Kepala Korps Lalu Lintas Polri, Irjen Agus Suryonugroho, menegaskan pentingnya penerapan teknologi dalam penegakan hukum di bidang lalu lintas. Langkah ini tidak hanya bertujuan untuk mempercepat proses pelanggaran, tetapi juga untuk menciptakan transparansi dan akuntabilitas dalam sistem penegakan hukum yang lebih modern.
Menurut Agus, skema penegakan hukum yang baru ini mengedepankan penggunaan Electronic Traffic Law Enforcement (ETLE) untuk menekan angka pelanggaran lalu lintas. Target yang ditetapkan adalah 95 persen penindakan dilakukan melalui ETLE, sementara hanya 5 persen yang akan dilakukan secara manual sebagai tindakan situasional.

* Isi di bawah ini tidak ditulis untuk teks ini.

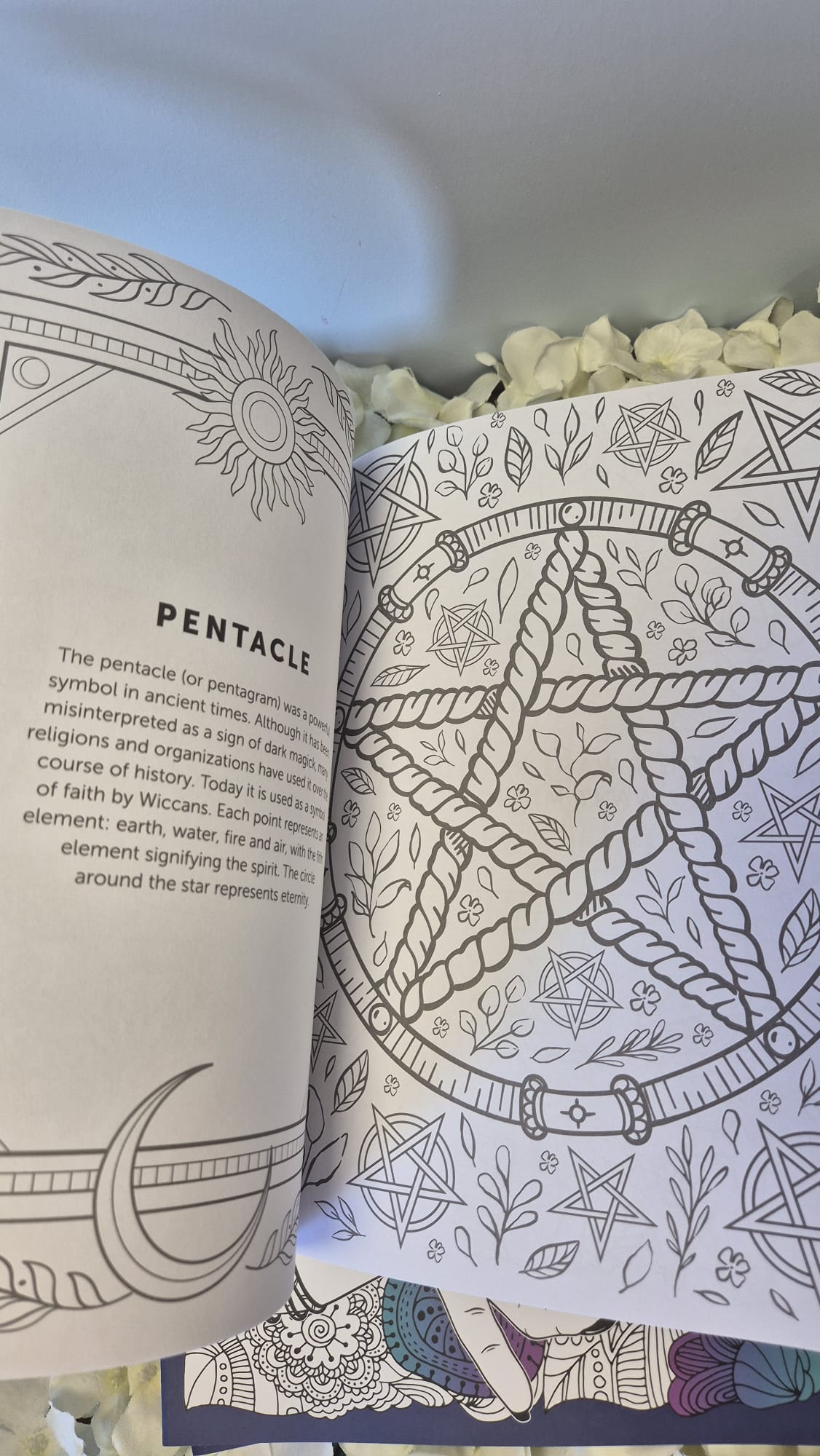 Magick Colouring Book + 4 Acrylic Markers Cozy Colouring Bookish Books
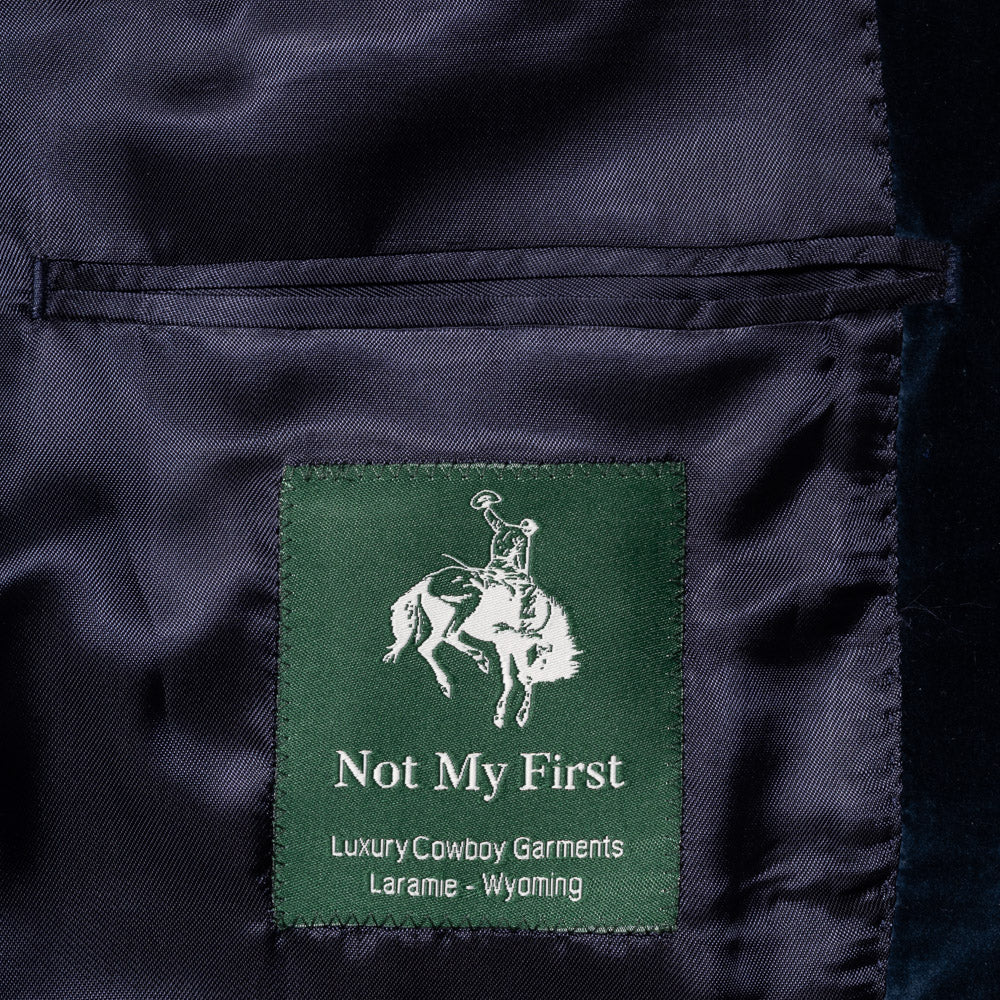 Not My First Velour Cocktail Jacket - Smooth Navy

Dalam kunjungannya ke RTMC Polda Metro Jaya, Agus menekankan bahwa ETLE adalah pendekatan humanis dalam berinteraksi dengan masyarakat. Sistem ini memastikan bahwa semua pelanggaran tercatat dan dapat dipertanggungjawabkan, tanpa adanya potensi interaksi transaksional yang mungkin terjadi dalam tilang manual.
Strategi Penerapan Teknologi dalam Penegakan Hukum Lalu Lintas
Agus menyatakan bahwa saat ini Polda Metro Jaya sudah mengoperasikan 127 kamera ETLE statis dan delapan kamera mobile. Rencana ke depan adalah meningkatkan jumlah kamera ETLE hingga mencapai 1.000 unit pada tahun 2026, sebagai bagian dari rebranding kepolisian yang lebih profesional.
Peningkatan jumlah kamera ETLE ini bukan sekadar angka, tetapi merupakan bukti komitmen untuk meningkatkan kepercayaan masyarakat terhadap korps lalu lintas. Agus menjelaskan bahwa pengembangan ini bertujuan untuk mengubah citra Polantas menjadi lebih berorientasi pada pelayanan publik dan profesionalisme.
Dia menekankan bahwa ETLE bukan hanya sekadar alat untuk merekam pelanggaran, tetapi merupakan upaya untuk menyelamatkan nyawa di jalan raya. Banyak kecelakaan disebabkan oleh pelanggaran kecil yang sering terulang, dan ETLE bertujuan untuk menciptakan kesadaran masyarakat akan keselamatan berlalu lintas.
Pentingnya Kolaborasi Antarinstansi dalam Penerapan ETLE
Ke depannya, Agus menyinggung pentingnya sinergi antara Korlantas Polri, Kementerian/Lembaga, dan Pemerintah Daerah dalam memperluas cakupan sistem ETLE di Jakarta dan kota-kota besar lainnya. Kerjasama ini diharapkan dapat meningkatkan efisiensi dan efektivitas penegakan hukum di jalan raya.
Transformasi ini merupakan bagian dari reformasi Polri untuk menciptakan sistem yang lebih transparan dan dekat dengan masyarakat. Agus menegaskan bahwa ETLE adalah investasi untuk membudayakan perilaku tertib berlalu lintas di seluruh Indonesia.
Di sisi lain, Kantor Staf Presiden memberikan apresiasi terhadap langkah Korlantas dalam membangun tata kelola penegakan hukum berbasis kamera. Menurut Tenaga Ahli Utama KSP, Bhineka Putra Linanta, ETLE dianggap sebagai fondasi untuk menciptakan pemerintahan yang lebih akuntabel dan berorientasi pada digitalisasi.
Manfaat ETLE bagi Masyarakat dan Kepercayaan Publik
Bhineka Putra Linanta menambahkan bahwa ETLE mampu menutup celah yang mungkin dimanfaatkan untuk melakukan penyimpangan. Dengan mengurangi interaksi fisik antara petugas dan pelanggar, ETLE juga berpotensi meningkatkan kepercayaan publik terhadap aparat penegak hukum.
ETLE bukan hanya berfungsi sebagai alat tilang, tetapi juga simbol dari penerapan disiplin baru di masyarakat. Sistem ini memberikan kepastian hukum, dan semua transaksi tercatat dengan jelas, sehingga potensi manipulasi dapat diminimalisir.
Melalui pendekatan ini, diharapkan masyarakat akan semakin menyadari pentingnya disiplin dan keamanan dalam berlalu lintas. Semua langkah yang diambil bertujuan untuk menciptakan budaya tertib lalu lintas yang lebih baik di Indonesia.